Narcissistic leaders impress but actually suck

In an artificial situation where everyone's input was valuable, narcissists were seen as more impressive leaders but failed to drive a good decision - probably not bothering to encourage information sharing.

Perhaps narcissists value social dominance more than they value group effectiveness (and are more talented at exerting it). Perhaps everyone would value it more if they thought they could claim it, but likely narcissists have acquired a stronger appetite for dominance. So, the experimenters should have offered a large financial incentive for good performance; an intelligent narcissist would then do nothing but persuade people to share information efficiently, and make sure he got credit for doing it.

Outside the lab, people who succeed in impressing people probably on average are right to value less the input and judgment of less successful people.

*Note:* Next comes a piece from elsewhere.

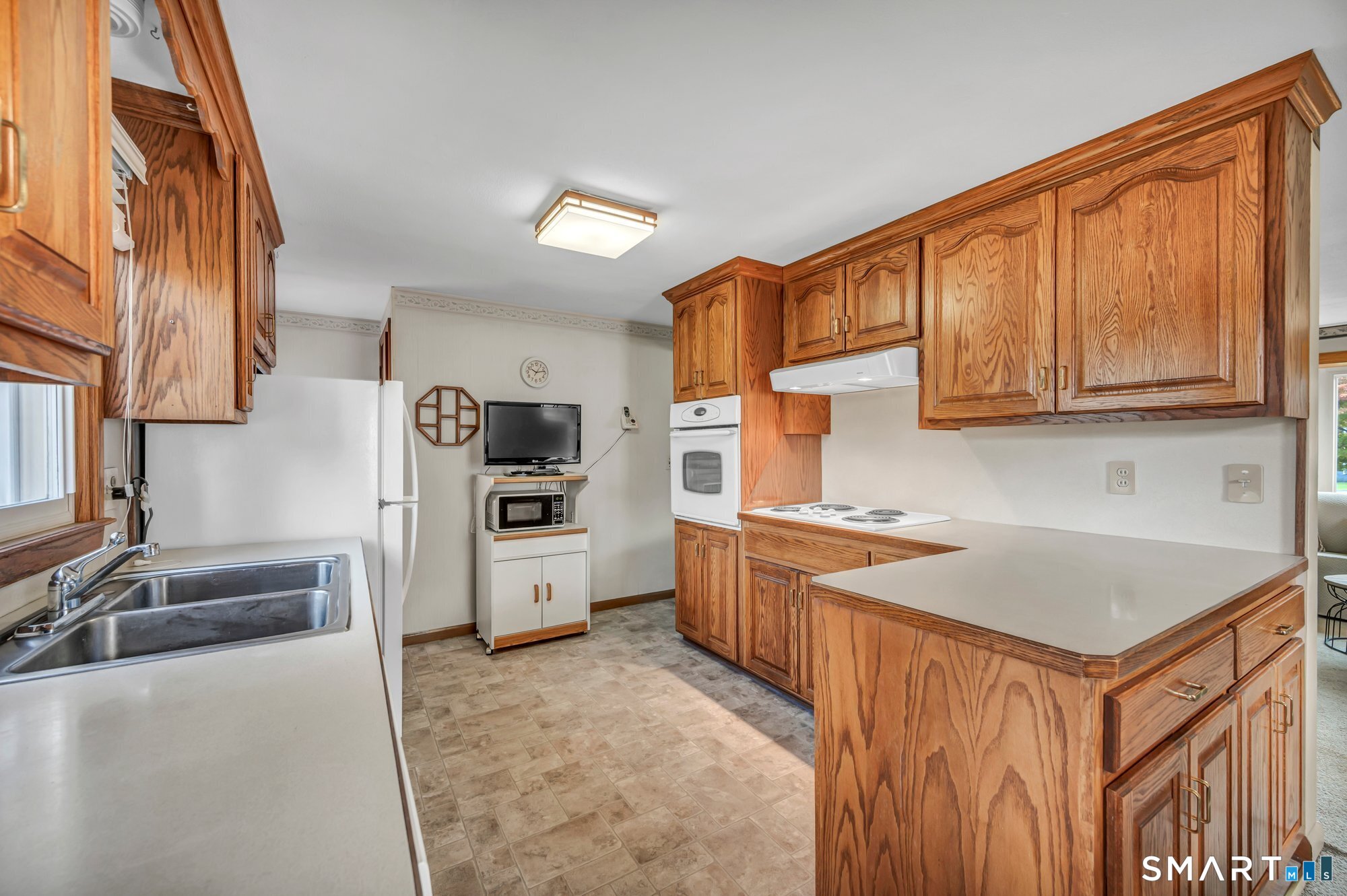 85 Florence Street Newington, CT 06111 - Photo 9 of 26 a kitchen that has a sink and a stove in it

Although they are generally perceived as arrogant and overly dominant, narcissistic individuals are particularly skilled at radiating an image of a prototypically effective leader. As a result, they tend to emerge as leaders in group settings. Despite people’s positive perceptions of narcissists as leaders, it was thus far unknown if and how leaders’ narcissism is related to the actual performance of those they lead. In the current paper we used a hidden profile paradigm to provide evidence for a discord between the positive image of narcissists as leaders and the reality in terms of group performance. We proposed and found that although narcissistic leaders are perceived as effective due to their displays of authority, leaders’ narcissism actually inhibits information exchange between group members and thereby negatively affects group performance. Our findings thus indicate that perceptions and reality can be at odds, which has important practical and theoretical implications.

The study is based on the

Hidden Profile paradigm. Researchers recruited 150 people and put them into groups of three. One person was randomly chosen as the group’s leader, and each group was assigned a task: choosing a job candidate. Everyone was told they could contribute advice, but the leader was ultimately responsible for making the decision. Of 45 items of information about the candidate, some were given to all three, and some to only one of the participants.

From the 

Psychological Science press release:

The experiment was designed so that using only the information all three were privy to, the group would opt for a lesser candidate. Sharing all the information, including what each possessed exclusively, would lead to the best choice. Afterwards, the participants completed questionnaires. The leaders’ questions measured narcissism; the others assessed the leaders’ authority and effectiveness. All checked off the items among the 45 that they knew—indicating how much the group had shared—and rated how well they’d exchanged information. Experimenters tallied the number of shared items, noted the objective quality of the decision, and analyzed these data in relation to the leader’s narcissism.
As expected, the group members rated the most narcissistic leaders as most effective. But they were wrong. In fact, the groups led by the greatest egotists chose the worse candidate for the job. Says [lead researcher Barbara] Nevicka, “The narcissistic leaders had a very negative effect on their performance. They inhibited the communication because of self-centeredness and authoritarianism.”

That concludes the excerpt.